Das für Vorgänge im Geschäftsbereich des Bundesnachrichtendienstes erstinstanzlich zuständige Bundesverwaltungsgericht hat der Bundesrepublik Deutschland im Wege der einstweiligen Anordnung aufgegeben, das abgebrochene Stellenbesetzungsverfahren fortzusetzen, und dazu im Wesentlichen ausgeführt:
Der Abbruch eines Auswahlverfahrens um einen Beförderungsdienstposten mit der Begründung, die dienstliche Beurteilung eines Mitbewerbers sei nicht mehr aktuell, erfolgt ohne sachlichen Grund, wenn die dienstliche Beurteilung – wie hier – nicht länger zurückliegt als der Regelbeurteilungszeitraum und es auch keinen Grund für eine Anlassbeurteilung gibt. Die Notwendigkeit einer neuen aktuellen dienstlichen Beurteilung und damit ein sachlicher Abbruchgrund folgen nicht aus dem Umstand, dass der Dienstherr die Aufgaben des streitbefangenen Beförderungsdienstpostens einem Mitbewerber übertragen hat. Ein dadurch ggf. erlangter Bewährungsvorsprung dieses Mitbewerbers muss vielmehr – im Gegenteil – zur Vermeidung einer unzulässigen Bevorzugung dieses Bewerbers im Auswahlverfahren „ausgeblendet“ werden, d.h. unberücksichtigt bleiben.

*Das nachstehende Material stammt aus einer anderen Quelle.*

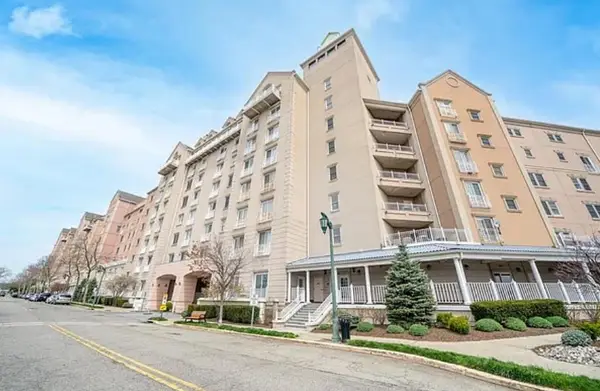100 SHEARWATER CT EAST #32, JC, Greenville, NJ 07305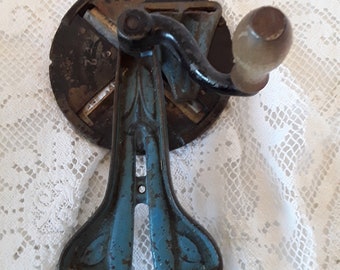 antique bean cutter made of cast iron with hand crank, bean snapper, Kichentools, Art Nouveau, country kitchens deco, shabby, brocante, vintage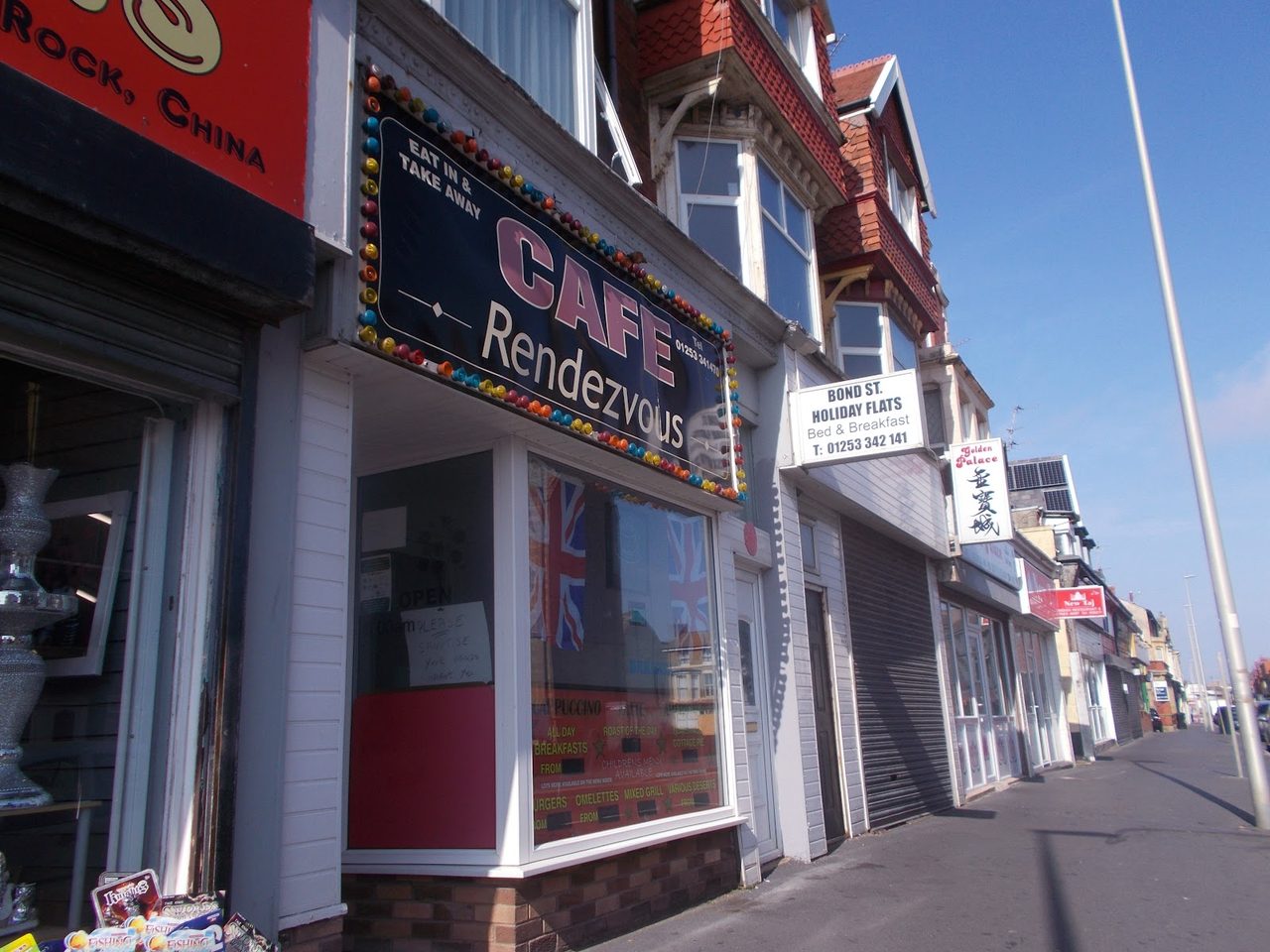 Cafe Rendezvous
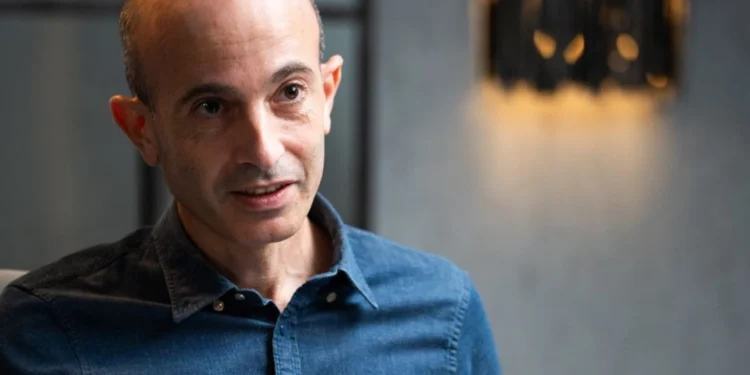 Yuval Noah Harari enfatiza el audaz enfoque de Milei, pero critica la personería jurídica para la inteligencia artificial
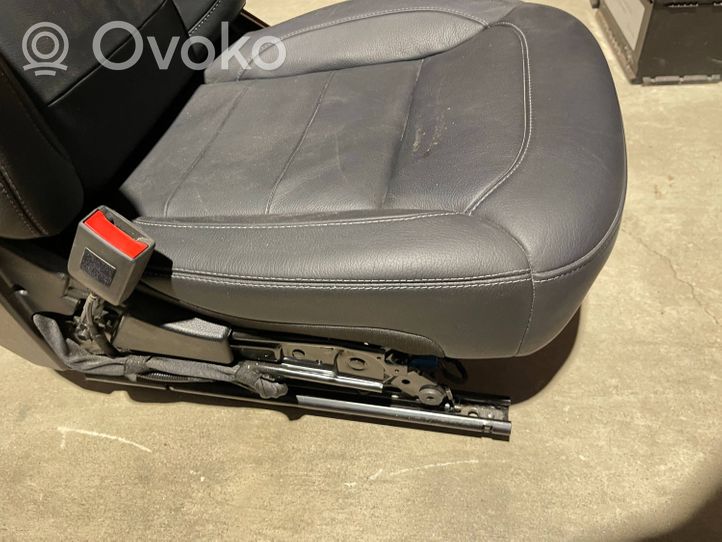 Mercedes-Benz GLS X166 Front driver seat 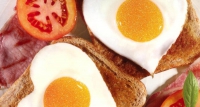 Formen für Eier und Toast. Kaufen Sie ein Formular für Eier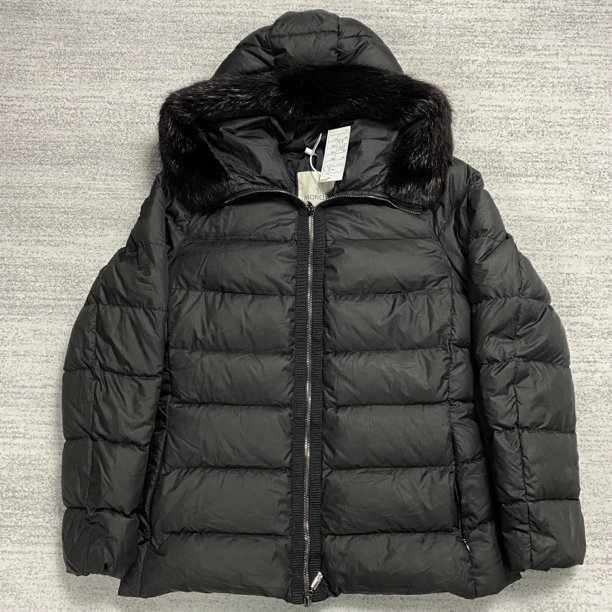 99新 MONCLER 盟可睐 蒙口 黑色毛领连帽羽绒服 1码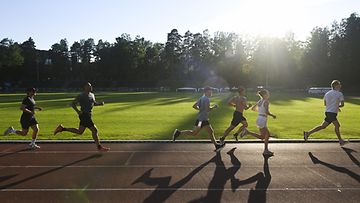 LK 8.6.2024 Nuorten aikuisten perustama juoksuyhteisö harjoittelemassa Espoossa 3. kesäkuuta 2024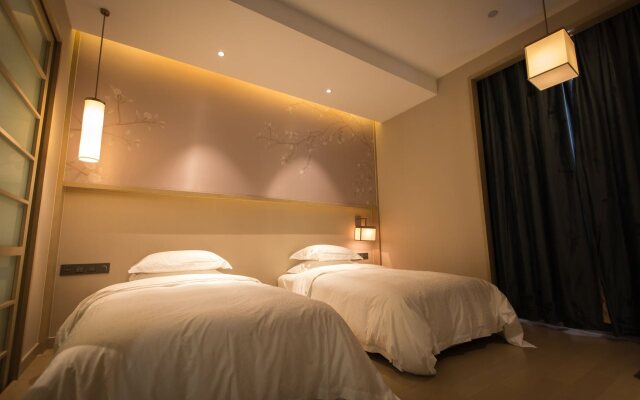 Zhangjiagang Guomao Hotel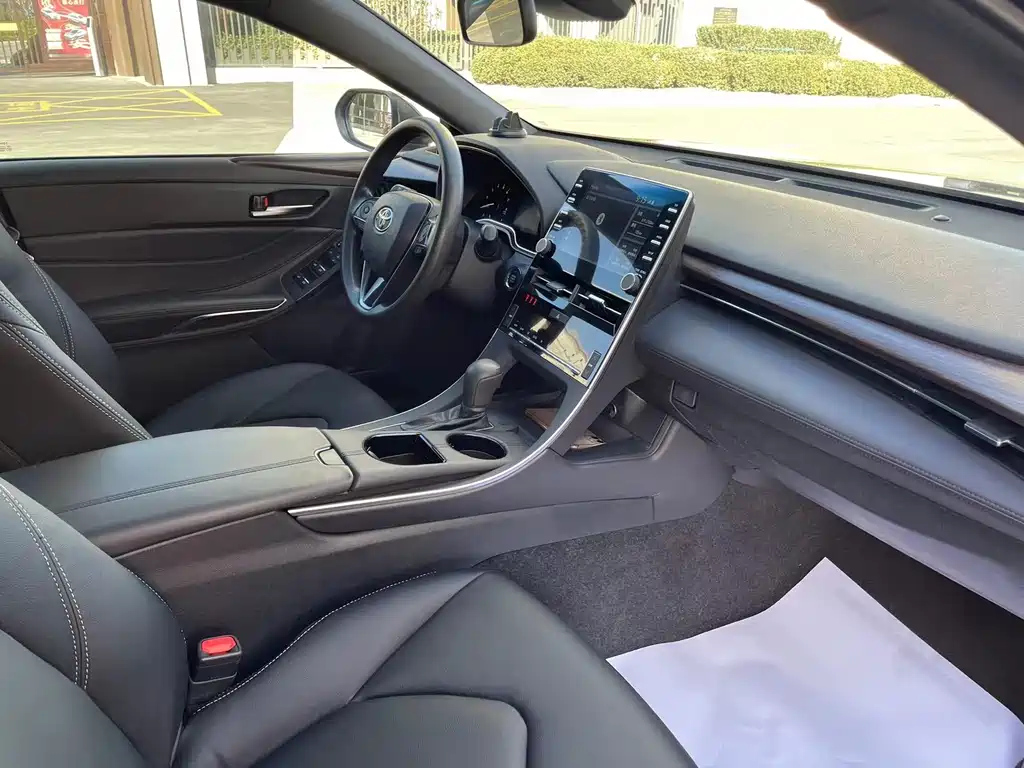 TOYOTA AVALON 2020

Das Ausblenden eines etwaigen Bewährungsvorsprungs bei rechtswidriger Dienstposteninhaberschaft wird ermöglicht durch eine „fiktive Fortschreibung“ der dienstlichen Beurteilung (für den Bereich der Bundesbeamten gemäß § 33 Abs. 3 Satz 1 der Bundeslaufbahnverordnung – BLV). Die „fiktive“ Komponente erfordert in dieser Konstellation nur, dass die aus der Aufgabenwahrnehmung des höherwertigen Dienstpostens folgenden Besonderheiten (z.B. die Wahrnehmung von Leitungsaufgaben) in der dienstlichen Beurteilung unberücksichtigt bleiben. Das Rechtsinstitut der fiktiven Fortschreibung ermöglicht so die Vergabe von Funktionsämtern während des Laufs von beamtenrechtlichen Konkurrentenstreitverfahren um die Vergabe des Statusamts und vermeidet damit das in dieser Fallkonstellation offenkundig werdende Problem der Stellenblockade. Die Vergabe des Funktionsamtes selbst unterliegt dabei nicht den Vorgaben der Bestenauswahl, solange eine Vorwirkung auf die nachfolgende Statusamtsvergabe vermieden wird.